Powershell Get-Content (I think...) reads until file into an array where each row is identified by the CRLF as the terminator. This means (again, I think) that mal-formed rows will be treated as an element of the array without respect to how many "columns" it holds.

C# Streamreader also uses CRLF as a marker but a streamreader object also has a few methods available like Peek and Read that may be useful.

Please, Oh Wise Ones, point me in the direction of least resistance. Using Powershell, as a script to process mal-formed csv files such that CRLFs that are not EOL are removed.

Thank you.

CodePudding user response：

Based on @vonPryz design but in (Native¹) PowerShell:

$Delimiters  =  121
Get-Content .\OldFile.csv |ForEach-Object { $Line = '' } {
    if ($Line) { $Line  = ','   $_ } else { $Line = $_ }
    $TotalMatches = ($Line |Select-String ',' -AllMatches).Matches.Count
    if ($TotalMatches -ge $Delimiters ) {
        $Line
        $Line = ''
    }
} |Set-Content .\NewFile.Csv

_{1) I guess performance might be improved by avoiding = and using dot .net methods along with text streamers}

CodePudding user response：

Honestly, your best bet is to get good data from the supplier. Trying to work around a mess will just cause problems later on. Garbage in, garbage out. Since it's you who wrote the garbage data in the database, congratulations, it's now your fault that the DB data is of poor quality. Please talk with your manager and the stakeholders first, so that you have in writing an agreement that you didn't break the data and it was broken to start with. I've seen such problems on ETL processing all too often.

A quick and dirty pseudocode without error handling, edge case processing, substring index assumptions, performance guarantees and whatnot goes like so,

while(dataInFile)
  line = readline()

  :parseLine

  commasInLine = countCommas(line)

  if commasInLine == rightAmount
    addLineInOKBuffer(line)
  else
    commasNeeded = rightAmount - commasInLine

  if commasNeeded < 0
    # too many commas, two lines are combined
    lastCommaLocation = getLastCommaIndex(line, commasNeeded)
    addLineInOKBuffer(line.substring(0, lastCommaLocation)
    line = line.substring(lastCommaLocation, line.end)
    goto :parseline
  else 
    # too few lines, need to read next line too
    line = line.removeCrLf()   readline()
    goto :parseline

The idea is that first you look for a line and count how many commas there are. If the count matches what's expected, the row is not broken. Store it in a buffer containing good data.
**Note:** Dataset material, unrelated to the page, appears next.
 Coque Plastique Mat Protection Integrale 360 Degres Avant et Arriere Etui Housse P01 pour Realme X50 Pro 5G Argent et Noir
If you have too many commas, then the row contains at least two different elements. Then find the index of where the first element ends, extract it and store it in the good data buffer. Then remove already processed part of the line and start again.

If you have too few commas, then the row is splitted by a newline. Read the next line from the file, join it with the current line and start the parsing again from counting the lines.